Issue #3: Access Exchanges
[18] The Respondent mother requests an Order that the father not attend at access exchanges. Access exchanges are presently taking place in the Food Basics parking lot located at the corner of Rymal Road East and Upper Wentworth Street as per the Temporary Order of Lafrenière J. The Respondent mother’s counsel argues that this prohibition is inherent in the Temporary Order of Lafrenière J. I disagree. The Order of Lafrenière J. requires one of the father’s prescribed supervisors to attend at access with him. It does not prohibit him from attending and this should not be read-in to the meaning of the term.
[19] It is the opinion of this Court that exchanges in a Food Basics parking lot, sometimes at night, and presumably at times during inclement weather, are not a long-term child-friendly solution for this young child. While the Court agrees that restrictions are needed to reduce the level of tension and acrimony that the child is exposed to by her parents, the mother’s solution does not adequately address all of the factors at play.
[20] One difficulty which arises is that the paternal grandmother is the third-party supervisor who is currently most willing and available to facilitate the access exchanges. She does not have a driver’s licence and regularly relies upon the father for transportation to the exchange location. Without reliance upon the Applicant for this transportation, access transitions would primarily require the grandmother and young child to travel by public bus. This is an unnecessary imposition on the grandmother and the child. The mother, despite having the maternal grandparents and five siblings living in the Hamilton jurisdiction, does not offer to have her family assist with facilitating access as an alternative. I find this unreasonable. Both parties have an obligation to contribute to child-friendly access exchanges and transitions.

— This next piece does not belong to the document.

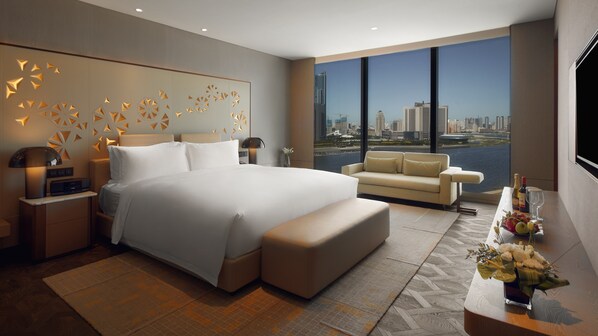 Una habitación de hotel moderna con una cama grande, un sofá, un escritorio con un florero y vistas a un horizonte urbano.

[21] It is appropriate that the access exchanges be moved to a more child-friendly location. In the absence of submissions on this point the Court has chosen a McDonalds in close proximity to the current exchange location. The exchanges can take place indoors, at a neutral location, and the parties will be separated from contact and communication by the specific terms I have imposed below. The solution imposed by this Court places a joint obligation on both parents to contribute to the child’s stress-free and successful transitions between their respective homes. It is hoped that the parties themselves will in future be able to negotiate more relaxed conditions pertaining to access exchanges as Isabella will benefit from the observation of her parents conducting themselves towards one another in a more civilized and respectful manner.
Issue #4: Communication
[22] The mother requests that there be no communication between the parties except in writing or through counsel. She further requests that the Applicant shall not communicate with the Respondent except in writing or through counsel and requiring him not to be within 100 meters of the Respondent.
[23] The father does not oppose a non-communication order and proposes that the parties communicate via only a communication journal which shall be exchanged at access transitions.

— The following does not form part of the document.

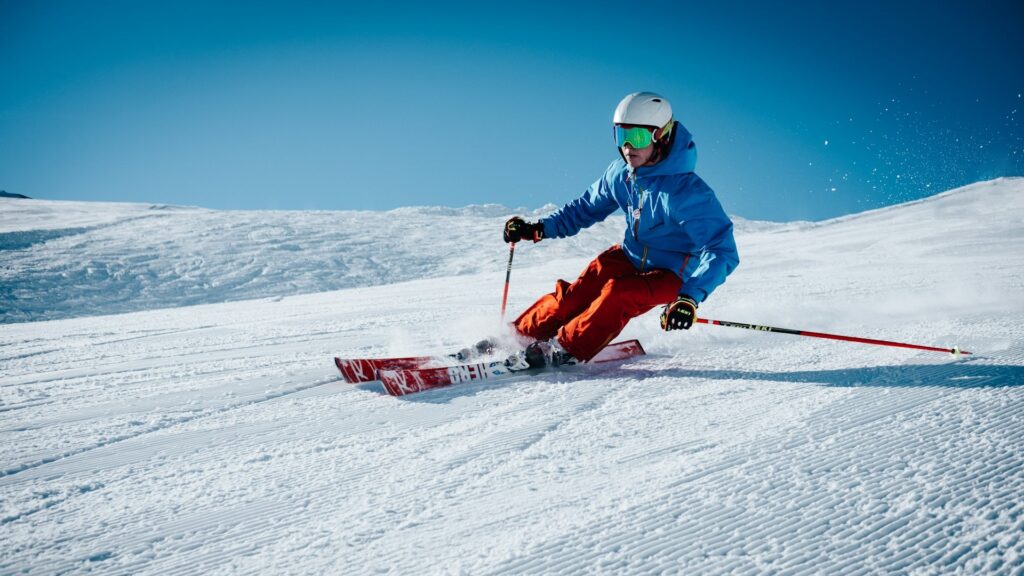 Skiër met complete wintersportuitrusting maakt een bocht op een besneeuwde piste onder een heldere blauwe lucht.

[24] The mother alleges that the father is rude and belligerent to her, and attaches messages which confirm this allegation. The father likewise has included in his materials a copy of a text message in which the mother references the paternal grandmother in shameful terms. Both parties’ communications are derogatory, hurtful, and far from child-focused. It is clear on the Affidavit materials filed that the behavior and communications of both parties are exacerbating this negative situation. As such, it is appropriate that there be no contact or communication between the parties save and except written communications contained within a communication journal, through counsel, or in the event of a child-related emergency or time-sensitive issue relating to the child.
[25] I decline to impose a specified distance on the permitted proximity between the parties as requested; a request which in this court’s view is akin to a restraining order. A non-contact/communication order will suffice in the circumstances as the facts of this case do not otherwise rise to the level requisite to make a restraining Order against one party under s. 35 of the Children’s Law Reform Act, or s. 46 of the Family Law Act. As this Order is only temporary in nature, both parties can be certain that inappropriate behavior will not go unnoticed by the Court in the final disposition of this matter and are warned to govern themselves accordingly.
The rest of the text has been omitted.